Notation plays an important, but not the only, role in establishing identity. It provides a standard against which acceptable variations can be assessed. It reflects growing standardization in dance with regard to characterizing movements, although the standard for an entire work consists of both a notation (either actual or constructable) against which deviations can be assessed following ordinary observer guidelines.
This two-pronged proposal explains why, although both Giselle and a Balanchine ballet can be notated, the variation tolerated from those notations is so different. The acceptable variation is a reflection of different ordinary observer guidelines. The guidelines for nineteenth-century classics emphasize consistency with dramatic mood and plot with great tolerance for variations in steps. Those for a work by Balanchine emphasize close adherence to the notated steps. There is a trend toward the latter, reflecting
growing interest in the creative aspects of choreographic designs as opposed to the interpretive aspects of individual performers. But many of these genres still co-exist in dance, with different identity standards.
This dual test of identity accommodates a built-in limit on absolute identity in dance, namely, the nonuniformity of the human instrument in the artform. It also accommodates the numerous variations possible because the many media in dance can be combined with different emphasis on particular media in different dance genre.
The approach of the law to infringement of copyright does not provide any easy answers, but it does suggest basic guidelines for better understanding identity. First, the ultimate test and thus the final object of analysis should be the reaction of lay observers to actual performances, including how much and what kind of similarity is needed to establish identity. Notational analysis is useful to the extent that it explicates and clarifies those practices. Second, a broader sense of "fixation" rather than notation is a more generous tool which serves the purpose of removing the record of dance from fallible human memory, while recording interpretive nuances not included in the notation and for which there is not a clear distinction between essential and non-essential performance aspects.
Theories which explain identity in other artforms can be extended to dance only with great caution, because of the complexity of the artform, the unique role of the human
body as instrument, and the very recent development of dance as an artform. But philosophical analysis can be used quite productively in understanding the way in which people actually establish identity.
NOTES
(1) The Nutcracker is an extreme example of a ballet produced by numerous companies, productions sharing only the Tchaikovsky score and the scenario.

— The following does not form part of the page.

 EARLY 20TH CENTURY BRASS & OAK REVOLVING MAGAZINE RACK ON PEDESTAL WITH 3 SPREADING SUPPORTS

See, e.g., Alan M. Kriegsman, "'Nutcracker' Theme and Variations," Washington Post, December 23, 1975. George Balanchine claims that the numerous versions are "about the same" in "story and action," as well, of course, as the music. George Balanchine and Francis Mason, Balanchine's Complete Stories of the Great Ballets (Garden City, N.J.: Doubleday & Co., Inc., 1977), p. 413. This extreme case presents the question whether audiences really treat all these versions as the same ballet or as different versions of the same ballet. Or as different ballets sharing only story and music. Although the answer is not clear, the latter characterization is probably most accurate. Return to text
(2) "Tinkering with the traditional versions of the nineteenth-century ballets occurs all the time everywhere." Walter Sorell, The Dancers' Image: Points and Counterpoints (New York: Columbia University Press, 1971), p. 65
Changes are also made in new ballets. A very recent example is The Four Seasons, created for the New York City Ballet in 1979. Jerome Robbins choreographed two entirely different solos to different music for Peter Martins and Mikhail Baryshnikov, alternating as the lead male dancers. Critic Arlene Croce refers to these as "two versions" of the work. "Other Verdi Variations," New Yorker, February 5, 1979, p. 114. Their partners, Patricia McBride and Suzanne Farrell, performed solos similar choreographically, except that McBride ". . . does chaines piques instead of the string of double soutenu turns that Farrell knocks off." Ibid., p. 116. Performances seen by this writer, New York State Theater, with Mikhail Baryshnikov, January 18, 1979; Kennedy Center, with Mikhail Baryshnikov, February 22, 1979; with peter martins, February 24, 1979.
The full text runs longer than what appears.